◆ **Exercise**
Copy the data below. Keep every line exactly as it is.

◆ **Data shown**
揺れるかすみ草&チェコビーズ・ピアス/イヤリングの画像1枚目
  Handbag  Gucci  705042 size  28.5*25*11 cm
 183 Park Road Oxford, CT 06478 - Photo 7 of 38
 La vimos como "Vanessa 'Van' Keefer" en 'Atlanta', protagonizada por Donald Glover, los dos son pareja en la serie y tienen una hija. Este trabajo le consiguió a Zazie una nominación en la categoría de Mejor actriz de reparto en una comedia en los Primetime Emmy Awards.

◆ **Exercise solution**
揺れるかすみ草&チェコビーズ・ピアス/イヤリングの画像1枚目
  Handbag  Gucci  705042 size  28.5*25*11 cm
 183 Park Road Oxford, CT 06478 - Photo 7 of 38
 La vimos como "Vanessa 'Van' Keefer" en 'Atlanta', protagonizada por Donald Glover, los dos son pareja en la serie y tienen una hija. Este trabajo le consiguió a Zazie una nominación en la categoría de Mejor actriz de reparto en una comedia en los Primetime Emmy Awards.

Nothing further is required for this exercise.